Academic project — not intended for commercial use.
A deep-learning-powered desktop application that automatically diagnoses three types of knee injuries from MRI scans.
- Project Overview
- Diagnosed Conditions
- Model Architecture
- Dataset
- Training Results
- Desktop Application (GUI)
- Project Structure
- Installation & Usage
- Team
- License
I-MRI Scan is a graduation project that uses convolutional neural networks to help clinicians detect knee injuries from MRI scans. Users can load a patient's MRI series through the desktop application, and the system will predict the likelihood of each of the three supported injury types.
Key highlights:
- Three independent binary-classification models, one per injury type.
- PyTorch-based deep learning pipeline trained on the MRNet dataset.
- Cross-platform desktop GUI built with PyQt5.
- Patient record management backed by a local SQLite / MySQL database.
| # | Condition | Description |
|---|---|---|
| 1 | ACL (Anterior Cruciate Ligament) | Detects tears or damage to the ACL, one of the major knee ligaments. |
| 2 | Meniscus | Identifies meniscal tears, which are common sports-related cartilage injuries. |
| 3 | Abnormality | Flags any general abnormality present in the knee MRI. |
Each model outputs a binary prediction (positive / negative) along with a confidence score.
All three models share the same underlying architecture but are trained independently with their respective labels:
- Base network: AlexNet (pre-trained on ImageNet, fine-tuned on MRI data)
- Input: Series of 2-D MRI slices treated as a 3-D volume
- Output: Single sigmoid neuron → binary classification
- Training platform: Google Colaboratory (GPU runtime)
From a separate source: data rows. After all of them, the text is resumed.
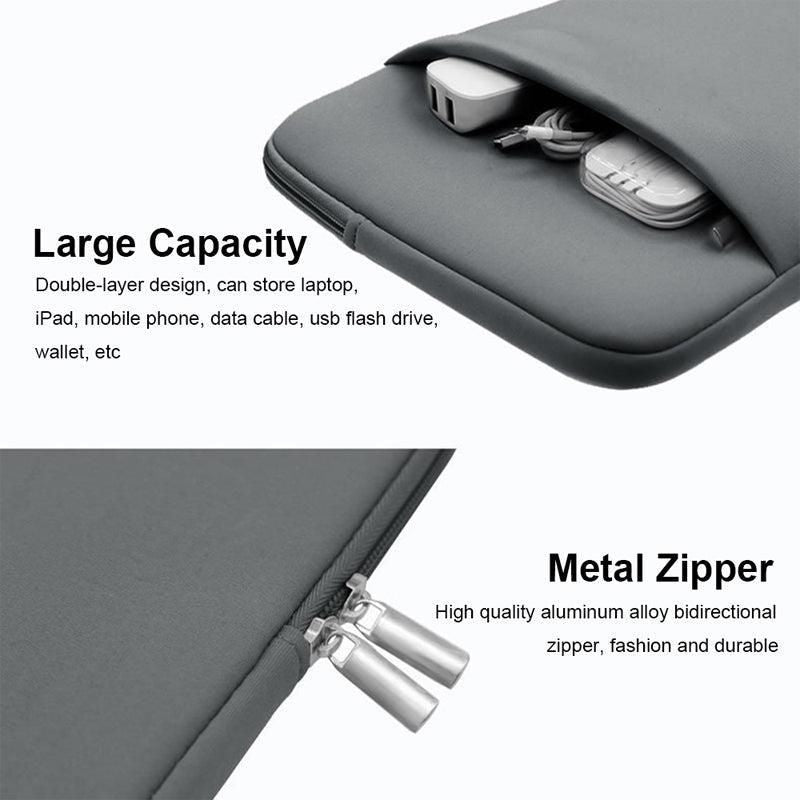 Grey Laptop Macbook Notebook Sleeve Bag Travel Carry Case Cover For 11 13 14 15 Inch Lap Top - 13Inch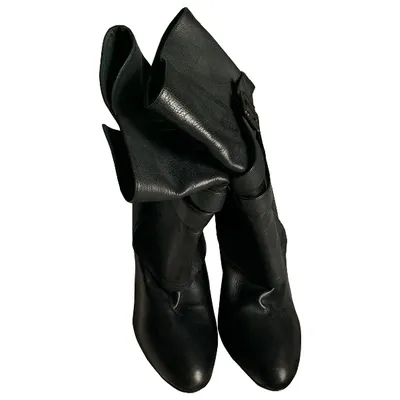 Pre-owned Jimmy Choo Leather Ankle Boots In Black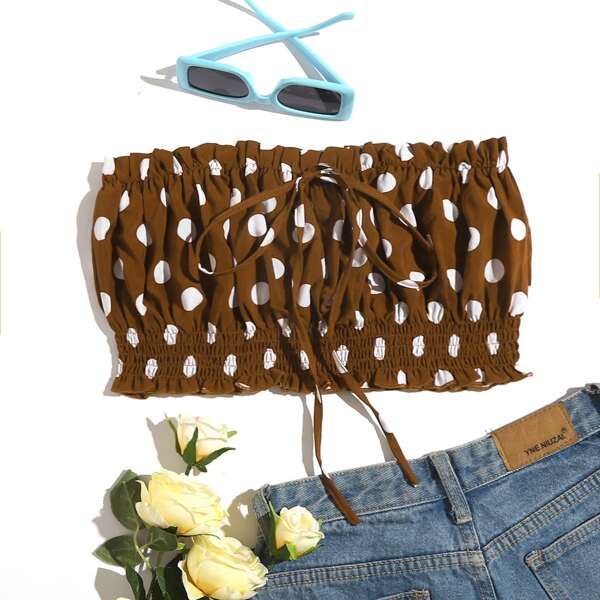 

Tie Front Frilled Polka Dot Tube Top, Coffee brown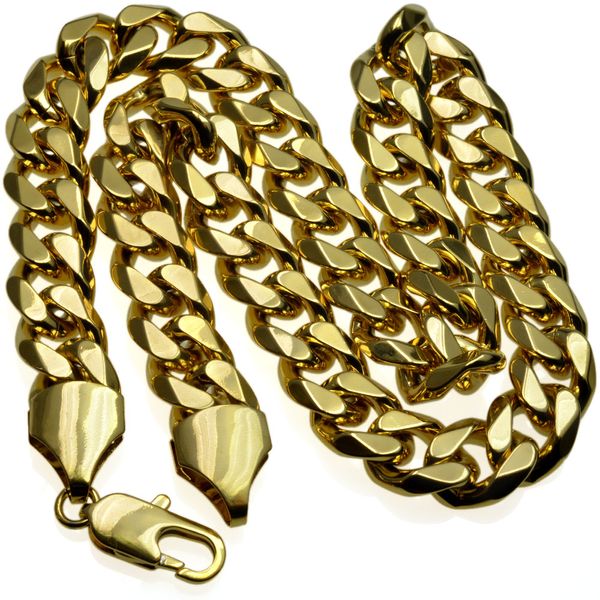 LuxusDesigner-Kubanische Halskette210g Schwere, mit 18 Karat Gold gefüllte, massive kubanische Panzerkette für Herren N276 60CM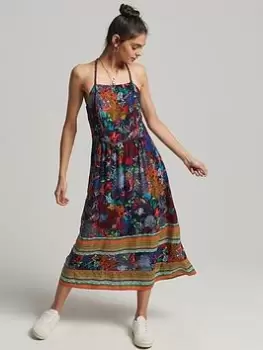 Image of Superdry Vintage Cami Maxi Dress - Multi, Size 12, Women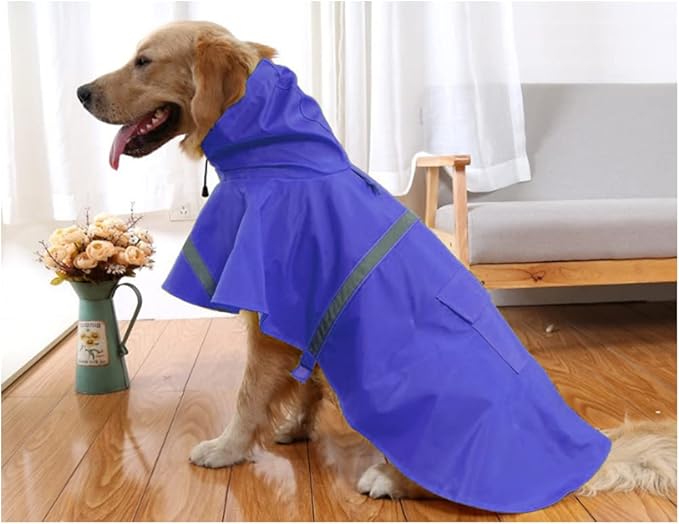 Mikayoo Large Dog Raincoat Adjustable Pet Waterproof Clothes Lightweight Rain Jacket Poncho Hoodies with Strip Reflective(Dark Blue,XXXL)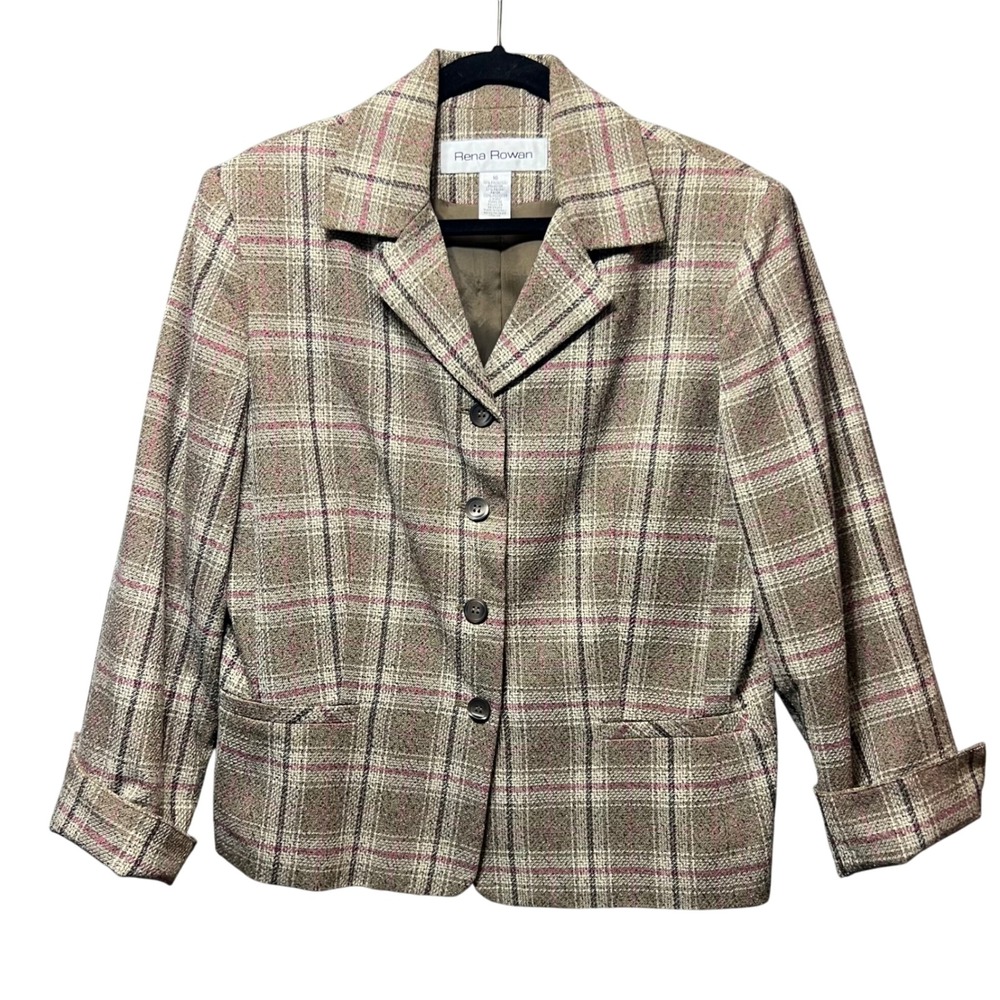 Rena Rowan Plaid Blazer Jacket Women's 16 Brown Red Lined Vintage Career Wear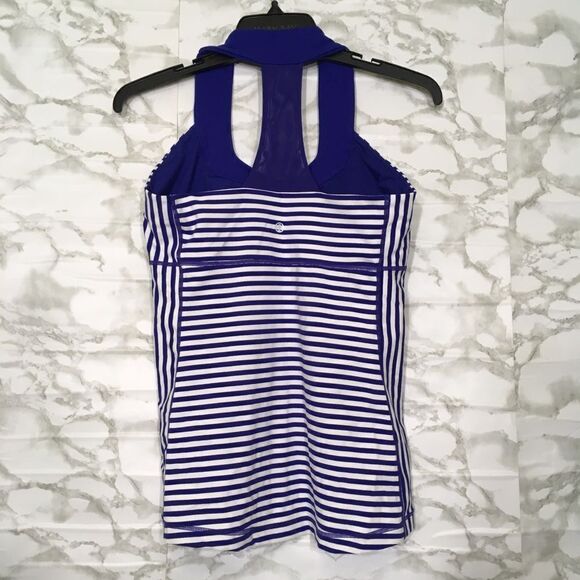 LULULEMON SCOOP NECK STRIPE RACER‎ BACK ATHLETIC WORKOUT TANK TOP BLUE WHITE 10 - Picture 3 of 14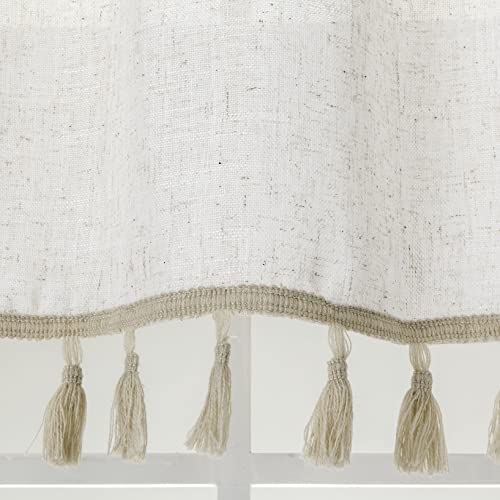 Easy Home Boho Tassel Window Valance Faux Linen Sheer Curtain Beige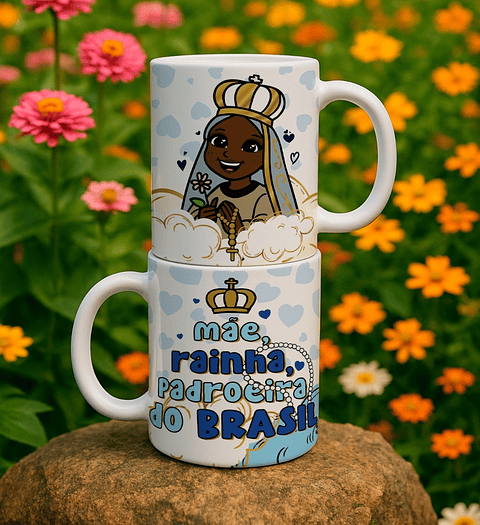 10 Artes para Caneca Nossa Senhora Aparecida Arquivo Editável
- Model storage: Google Drive
Detailed notebooks for each experiment are available in the notebook/ directory.
The project uses the publicly available MRNet dataset released by Stanford ML Group.
- Modality: Knee MRI (axial, coronal, sagittal planes)
- Labels: ACL tear, meniscal tear, general abnormality
- Task type: Binary classification per label
Note: You must agree to Stanford's terms of use and download the dataset separately. It is not included in this repository.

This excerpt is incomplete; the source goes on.